February is nearly over, so let’s have a look what has happened:
- We sumitted a bid to the SEA2017 conference, titled “A New Perspective on Complexity for Robust Combinatorial Optimization”. Let’s see how it fares, it is a competitive venue. Our basic idea is quite nice, though: Do robust problems really get harder and harder, the more scenarios you add? Spoiler alert: Not quite!
- I wrote a grant proposal along similar lines, which is all ready for submission. Only some letters of support are still missing before I can send it on its way.
- The Mitteilungen der DMV is the magazine of the German Mathematical Society. I wrote an article about Brexit and its impact on my academic work, which will be in the next issue.
- In two weeks I will give a talk at the Midlands OR Society on optimisation methods for evacuation planning.
- And last but not least, I am now affiliated with the Data Science Institute at Lancaster University!
I am very happy to announce that some fruits of last year’s labour in Wroclaw are now ripe and ready. The paper is called “On Recoverable and Two-Stage Robust Selection Problems with Budgeted Uncertainty” and can be found here. The general idea is actually quite simple: Say we can choose p out of n items. Then the adversary can choose a bounded number of items and make them more expensive. Afterwards, in a third stage, we may exchange some of our items again. We tried to answer the question if this problem can be solved in polynomial time or not.
It turns out that this is indeed possible, if the uncertainty set is continuous. For discrete types of uncertainty, this question remains still open – but at least we found a way to formulate it as a compact mixed-integer programme. This is the abstract:
In this paper the problem of selecting p out of n available items is discussed, such that their total cost is minimized. We assume that costs are not known exactly, but stem from a set of possible outcomes.
Robust recoverable and two-stage models of this selection problem are analyzed. In the two-stage problem, up to p items is chosen in the first stage, and the solution is completed once the scenario becomes revealed in the second stage.

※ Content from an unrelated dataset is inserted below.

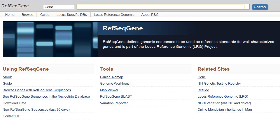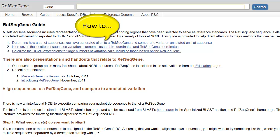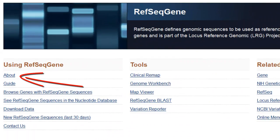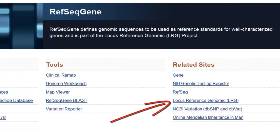That's it for the demonstration, but I'd like to point out a few important links back on the RefSeqGene homepage. The guide page offers a few how-to methods, such as how to align your sequences to a RefSeq gene using BLAST, and slide presentations about RefSeq gene-related tools. The About page provides a history of the RefSeqGene project, and the Locus Reference Genomic page summarizes the LRG collaboration.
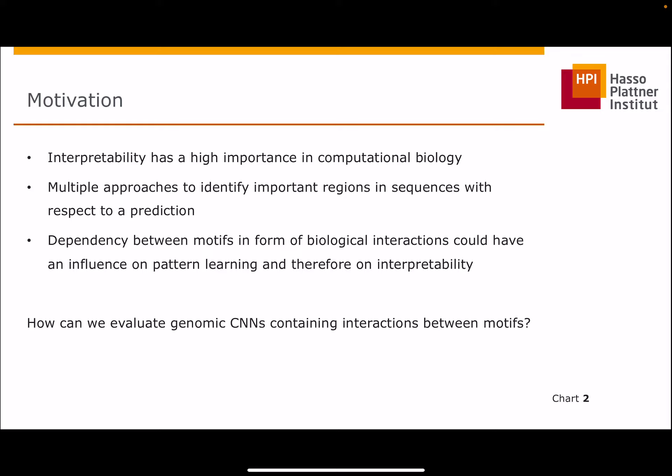Often, it is not only one motive responsible for an outcome, but rather an interaction between multiple of them. It is not clear how the dependencies between motives could have an influence on pattern learning and therefore also on interpretability. The question we want to solve is: how can we evaluate genomic convolutional neural networks containing interactions between motives?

In the recoverable problem, a set of p items is selected in the first stage, and can be modified by exchanging up to k items in the second stage, after a scenario reveals.
We assume that uncertain costs are modeled through bounded uncertainty sets, i.e., the interval uncertainty sets with an additional linear (budget) constraint, in their discrete and continuous variants. Polynomial algorithms for recoverable and two-stage selection problems with continuous bounded uncertainty, and compact mixed integer formulations in the case of discrete bounded uncertainty are constructed.
Next Friday (10 February) I will give a talk on the scenario aggregation results at the Combinatorial Optimization and Applications workshop in Edinburgh. The organisers were able to invite an impressive list of speakers, so I’m much looking forward to the packed single-day schedule!